We can repudiate any angry or despairing recommendations that urban progressives abandon the rural, suburban, and small town-dwelling victims of conservative policies, and still draw from these essays that:

[1] an urban/rural model is an incomparably more accurate one than blue state/red state to name the partisan political terrain, one that should have an impact on public rhetoric and electoral strategy

[2] cities provide an institutional location for real-world progressive political intervention and reform right now -- a realization that is very heartening to progressives who appear instead from the perspective of conventional models to be language in the desert

[3] a primary focus on the issues of urbanity is a focus that directs the attention of American progressives back to the problems of the majority of Americans and to the needs of the conspicuous majority of actually existing progressives themselves

I imagine you might object to [3], but while I agree with you absolutely that it is very important not to formulate [3] in a way that implies that there are no non-urban progressives or that progressives should abandon non-urbanites -- and I agree that these articles don't manage to qualify the thesis adequately in this way yet and so I shouldn't have recommended them wothout even more qualifications than I provided -- STILL, I think [3] names a reality that need to be named and which shifts our sense of progressive culture and strategy in ways that will put more progressives in power.

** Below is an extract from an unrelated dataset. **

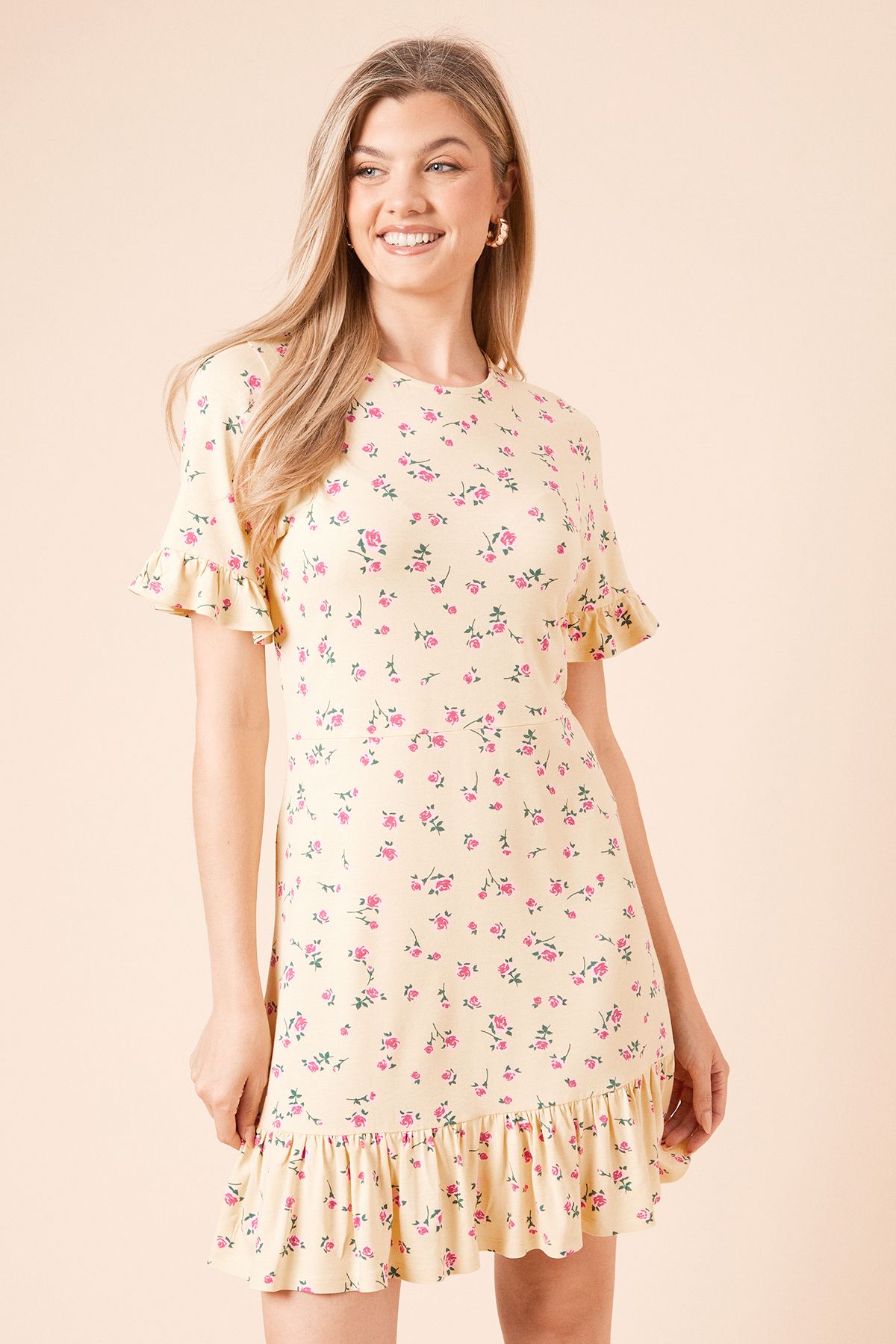 Dorothy Perkins Yellow Ditsy Short Sleeve Frill Hem Mini Dress Yellow image 2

You say: "There are severe limits to the extent that existing cities which serve as blue enclaves can be grown; hence there are severe limits to a strategy that focuses solely on those cities as the future of progressive America." More on this, please. Also, I think the Urban Archipelago concept could use some tinkering vis-a-vis the politics of towns -- at what point do they join into the archipelago exactly and why?

Anonymous said...

I think this urban and rural political divergance occurs over and over again in countries around the world and throughout history. I don't know if it can really be erased.

Poverty, rural or urban, often makes people very conservative and fearful that what little they have will be taken away from them by the big nasty government or by immigrants or by a bunch of outside busybodies. It's really hard to ease that fear and sometimes it's justified.

In the United States it's ironic that the rural poor has these fears when they ignore how the federal government subsidizes their roads, electricity and telecommunications or how undocumented stoop labor picks their fruit.

If these supports were removed there'd be no one left to operate the machinery for the huge farms owned by agribusiness or the mines or the paper mills. The dynamic is very convoluted.

Cargill and ADM have to sell vegetable oil and high fructose corn syrup to the world, therefore rural farm towns, and their eccentric politics, still exist in the United States.

I know that last statement is not really true--rural towns exist for other reasons--but it sometimes seems that way.